[SOURCE RECORDS]
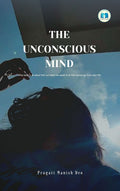 The Unconscious Mind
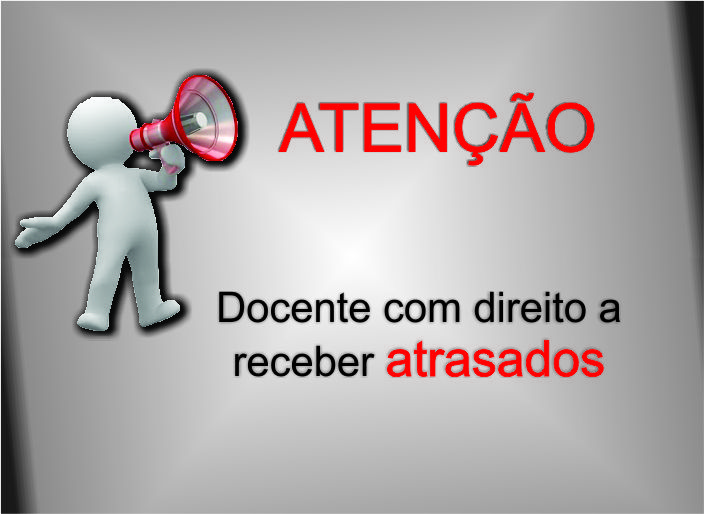 ATRASADOS DE PROGRESSÕES E DE OUTROS DIREITOS  ALTERNATIVA PARA RECEBER EM PARCELA ÚNICA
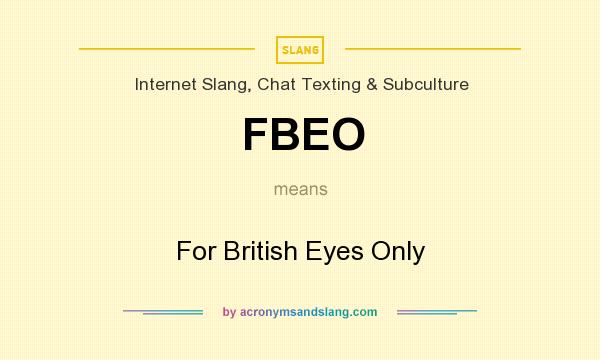 What does FBEO mean? It stands for For British Eyes Only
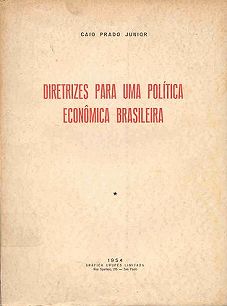 Diretrizes para uma Política Econômica Brasileira. São Paulo, Urupês, 1954 Diretrizes para uma Política Econômica Brasileira. São Paulo, Urupês, 1954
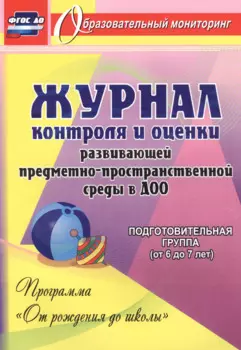 Журнал контроля и оценки развивающей предметно-пространcтвенной среды в ДОО по программе "От рождения до школы". Подготовительная группа (от 6 до 7 лет)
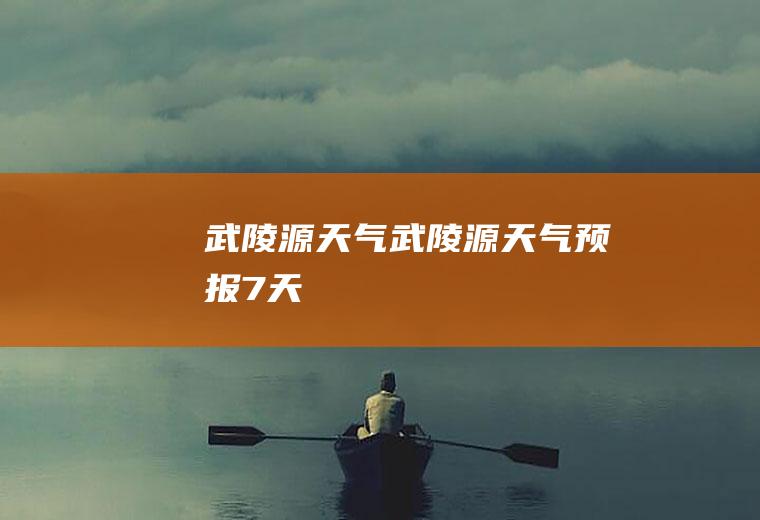 武陵源天气武陵源天气预报7天
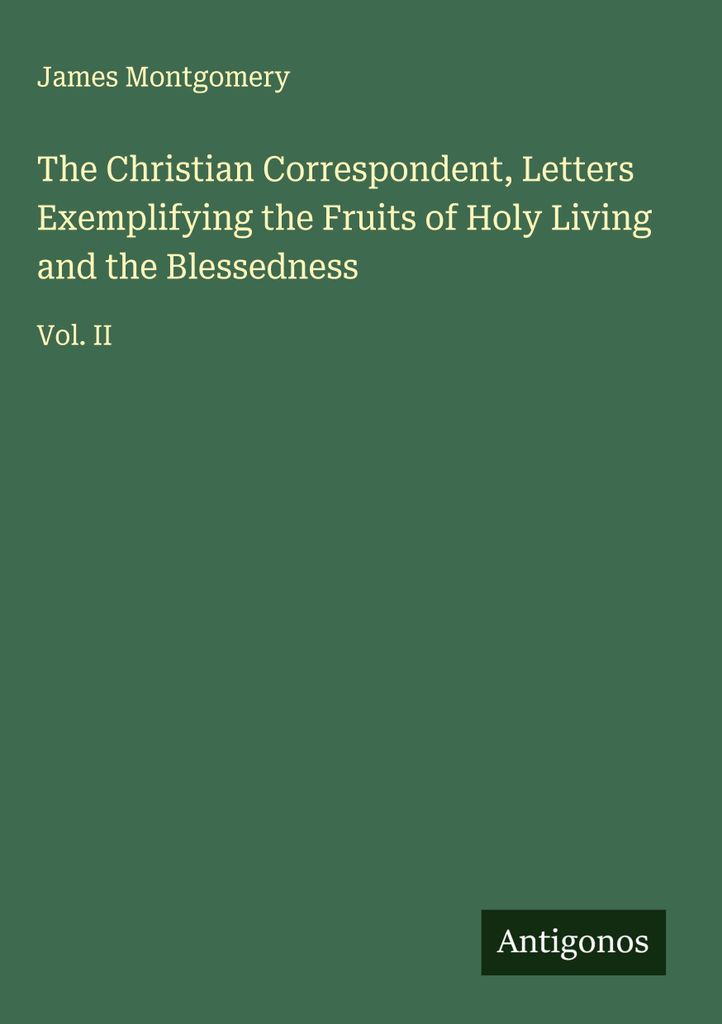 Der christliche Korrespondent, Briefe zur Veranschaulichung der Früchte eines heiligen Lebens und der Glückseligkeit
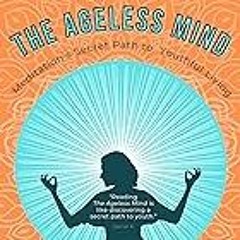 Read B.O.O.K (Award Finalists) The Ageless Mind: Meditation's Secret Path to Youthful Livi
[/SOURCE RECORDS]
# [THE TASK]
All entries above should be returned exactly, apart from their pictures.

# [ANSWER AREA]
 The Unconscious Mind
 ATRASADOS DE PROGRESSÕES E DE OUTROS DIREITOS  ALTERNATIVA PARA RECEBER EM PARCELA ÚNICA
 What does FBEO mean? It stands for For British Eyes Only
 Diretrizes para uma Política Econômica Brasileira. São Paulo, Urupês, 1954 Diretrizes para uma Política Econômica Brasileira. São Paulo, Urupês, 1954
 Журнал контроля и оценки развивающей предметно-пространcтвенной среды в ДОО по программе "От рождения до школы". Подготовительная группа (от 6 до 7 лет)
 武陵源天气武陵源天气预报7天
 Der christliche Korrespondent, Briefe zur Veranschaulichung der Früchte eines heiligen Lebens und der Glückseligkeit
 Read B.O.O.K (Award Finalists) The Ageless Mind: Meditation's Secret Path to Youthful Livi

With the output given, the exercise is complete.